Success consists of going from failure to failure without loss of enthusiasm.  Winston Churchill.
That's *NOTHING*

By the cubic foot acrylic isn't that cheap, but, you can do some really impressive things with it, my (final) conversion to digital photography came about because I made a very impressive coffee table for someone to their design, basically a stack of different shaped pieces in a very pretty very light green glass coloured acrylic all bonded together into one lump, doesn't sound like much but then neither does Bryce Canyon when you describe it as a bunch of different shaped slices of stone stacked on one another.

Anyway, being quite proud of it I took a whole reel of pictures of it once it was delivered and in situ in a nice modern setting.

Got home and discovered there was no bloody film in the camera.

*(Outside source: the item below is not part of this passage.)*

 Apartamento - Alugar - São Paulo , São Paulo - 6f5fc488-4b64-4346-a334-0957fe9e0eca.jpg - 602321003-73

Trouble is "we" generally only see the material used in cheapo cafe menus and things so we tend not to appreciate its various qualities.

You can cut / drill / mill / tap / bend / bond / polish it, only your imagination limits you.

I grew up playing with wooden blocks, my boy plays with flame polished offcuts, he isn't interested in cruddy wooden blocks when he can experiment with acrylic in various wired shapes and colours, all with kid safe edges, all hygienic, all unique.

Toys r Us got nothing on daddy's scrap bin... lol
sorry, don't understand what you're trying to ask/say.